Am I so wonderfully made?

Am I so wonderfully made?

“I praise you, for I am fearfully and wonderfully made.” – Psalm 139:14

Dear God,

I have been reflecting on Psalm 139, a song concerning your inescapability, pervasive knowledge, and power.  As a child, I might have believed that I was “fearfully and wonderfully made”; however, as I have lived 50 years on this earth, I struggle to see how all my life’s “blessings” suggest your power, mindfulness, or even your very existence!

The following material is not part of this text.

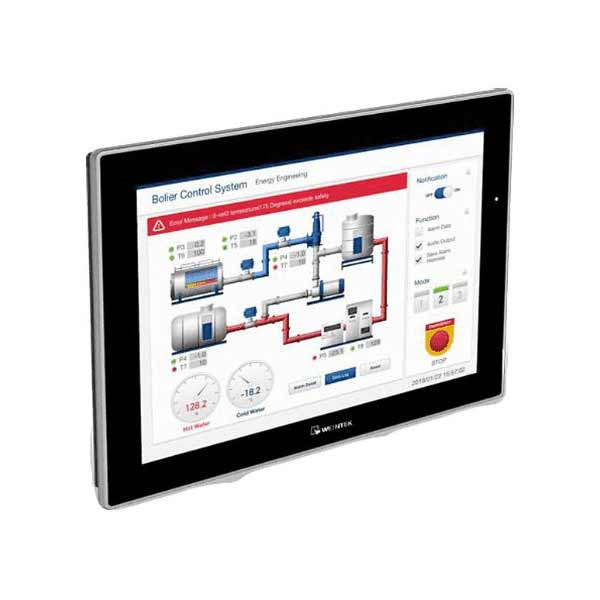 Weintek CMT2166X: Touch Screen, display 15,6" wide, risoluzione 1024x768, Ethernet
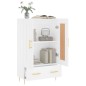 vidaXL Highboard Weiß 69,5x31x115 cm Holzwerkstoff vidaXL Highboard Weiß 69,5x31x115 cm Holzwerkstoff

I struggle with this understanding of you especially on this date because it was 19 years ago that I was very seriously injured in an automobile accident.  We were in our Subaru wagon driving my son to daycare and me to work as a physics professor at Carleton College when we were struck by a truck that was going more than 65 mph when it ran a red light. It hit the passenger side of the car, right where I was sitting!  I was in a very serious coma for 11 days and a semiconscious state for two months.  I spent half a year as an inpatient at two hospitals.

I suppose that I needn’t relate to you all my struggles that followed – my learning to eat, walk, and talk again, my efforts to teach physics again, and my attempt to act as a responsible, loving father and husband again.  I needn’t explain to you how, because of my injuries, my marriage fell apart and ended in divorce, and my employer fired me.  So, I ask you this: God, where was your presence on the morning of October 27th, 1998?

I struggled with this question for years and I stopped believing in you after being unable to find an answer…  However, the ‘Divine Lure’ spoken of by Nikos Kazantzakis, your Cry, was never silent within me!  After some years of contemplating the status that I would afford you, I realized that I needn’t reject you entirely; I needed to reformulate my conception of God and God’s divine process.

Now, I can see you at work in the hands of the doctors who saved my life.  You didn’t control their hands – that’s a juvenile understanding of you I embraced in my childhood.  I understand now that the many doctors and therapists who helped me recover so completely were involved in the divine process of creativity and life enhancement.  This process is you: you are relevant because you are the divine process of betterment and enhancement, the divine process of renaissance and evolution that works at all levels of creation.  You are that which lures everything forward.

Because of this realization, I have chosen to serve you by helping faith institutions of any nature learn how to better invite, embrace, include and empower people living with disabilities into active lives in their communities.  I suppose my efforts, in a way, have become part of what I understand you to be!

I thank you for this opportunity to serve you!

—- Dr. Kevin Pettit

ABOUT THE AUTHOR: Dr. Kevin Pettit is a Commissioned Minister in the Rocky Mountain Conference of the UCC

Am I so wonderfully made? is one of the devotionals written in honor of Disability Awareness Month 2017.